(ACTIVITY):
In the entries below, find the line with "Warning Don't Oil Mach In Motio" and transcribe it and every line after it exactly, through the last line, without pictures.

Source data
• • • • •
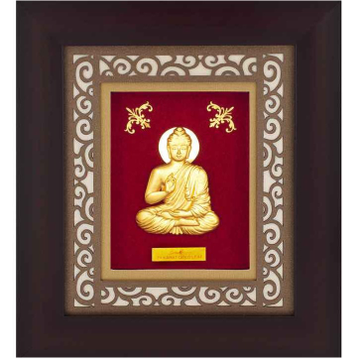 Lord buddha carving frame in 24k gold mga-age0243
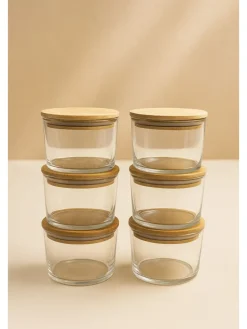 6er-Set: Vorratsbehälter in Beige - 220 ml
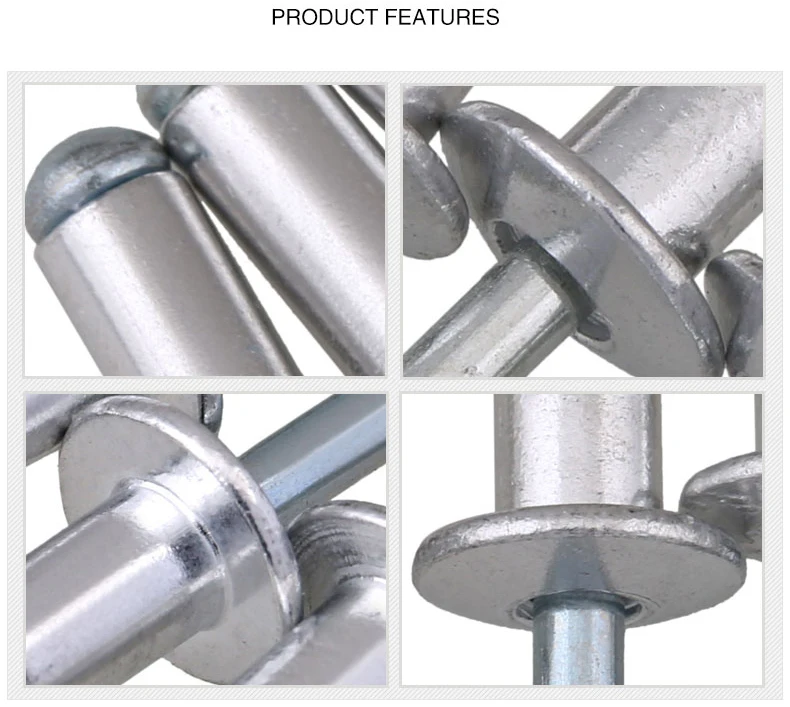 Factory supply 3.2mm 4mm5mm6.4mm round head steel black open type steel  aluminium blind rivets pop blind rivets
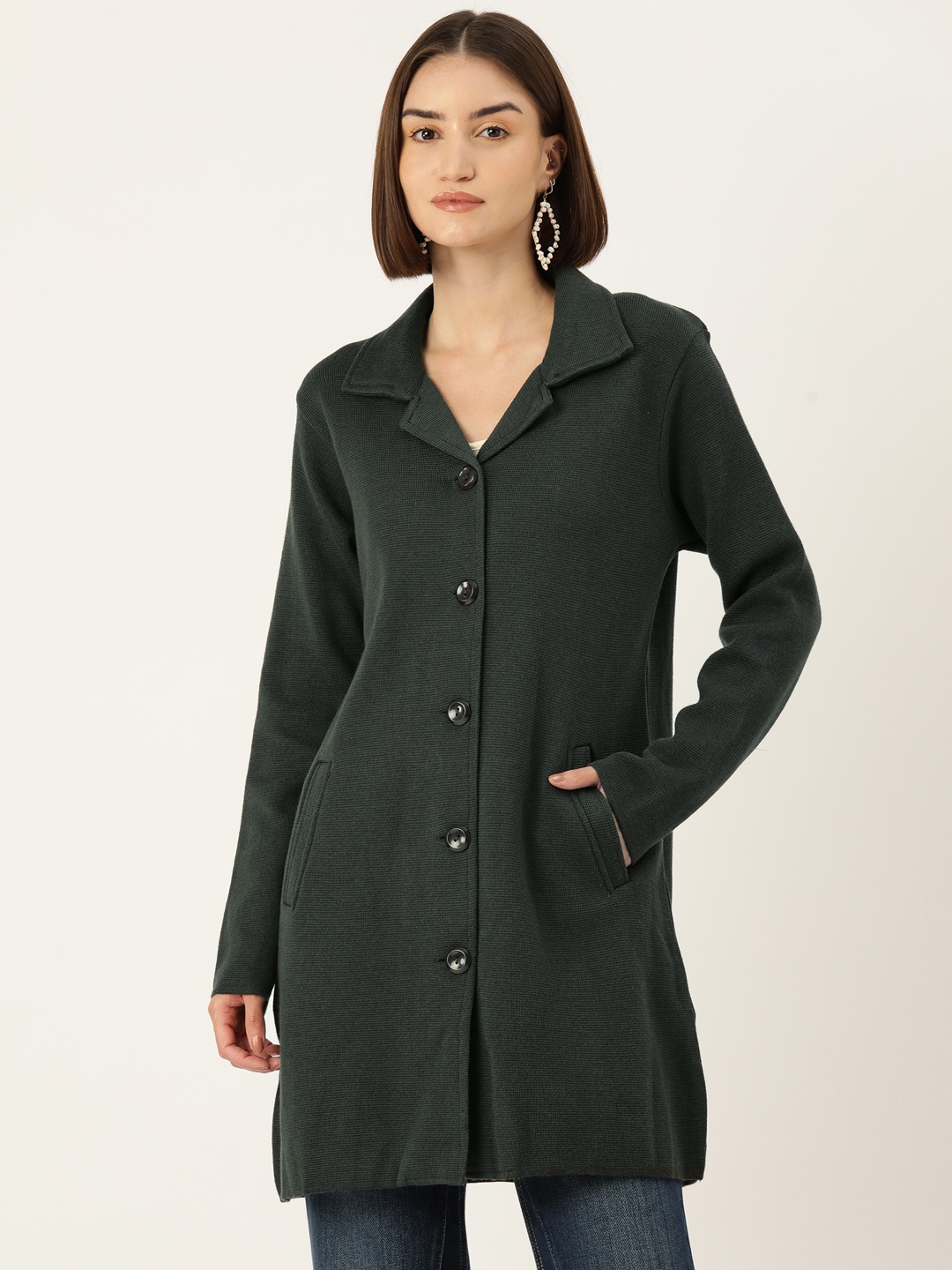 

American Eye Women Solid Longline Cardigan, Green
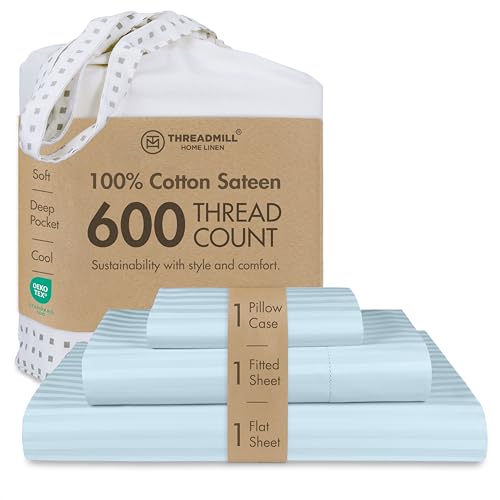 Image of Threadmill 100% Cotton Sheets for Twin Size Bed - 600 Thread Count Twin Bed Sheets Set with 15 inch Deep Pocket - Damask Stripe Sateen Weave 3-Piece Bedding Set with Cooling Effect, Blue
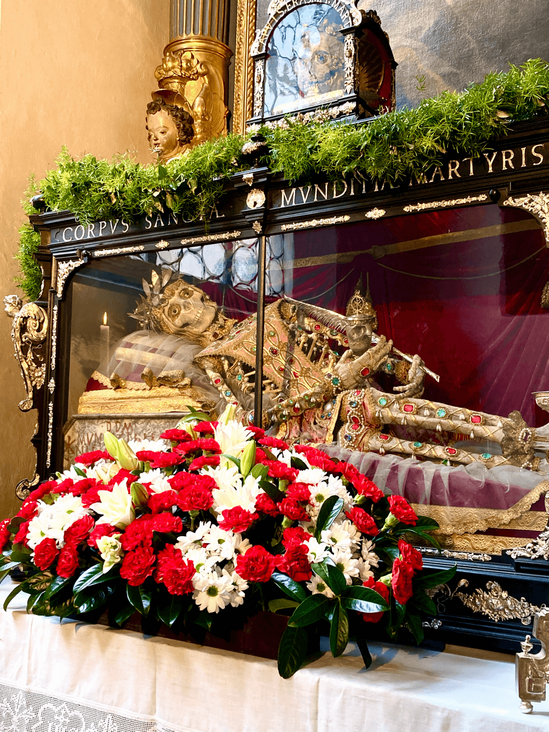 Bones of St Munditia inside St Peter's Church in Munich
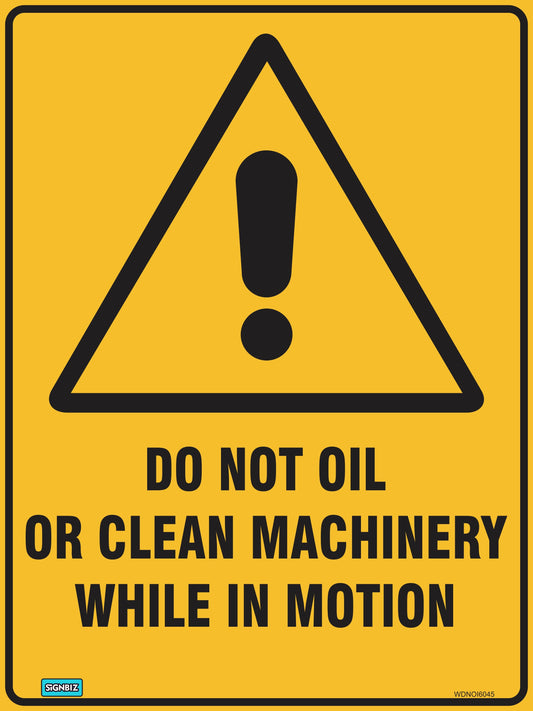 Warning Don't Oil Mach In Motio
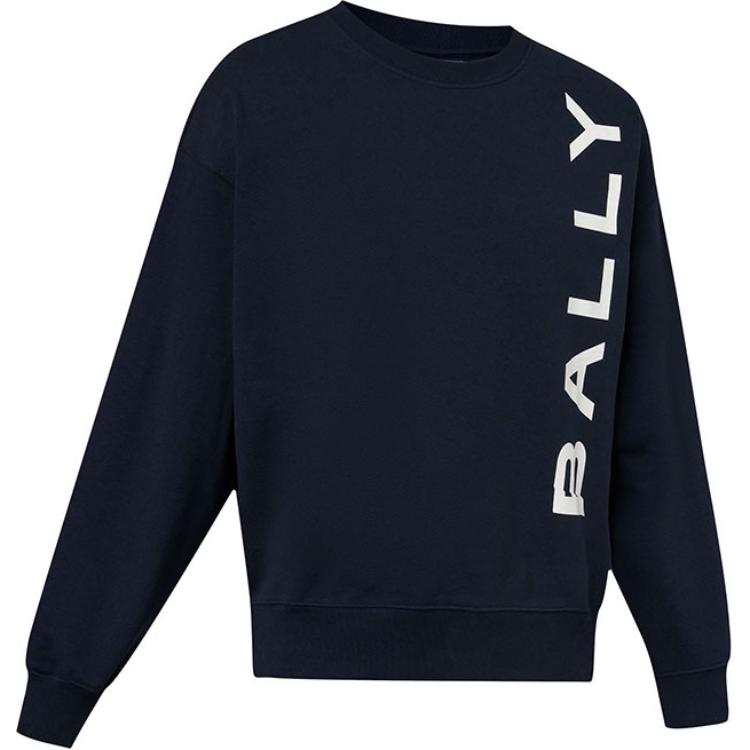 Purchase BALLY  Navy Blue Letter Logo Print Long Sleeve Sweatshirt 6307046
• • • • •
(WRITTEN ANSWER):
 Warning Don't Oil Mach In Motio
 Purchase BALLY  Navy Blue Letter Logo Print Long Sleeve Sweatshirt 6307046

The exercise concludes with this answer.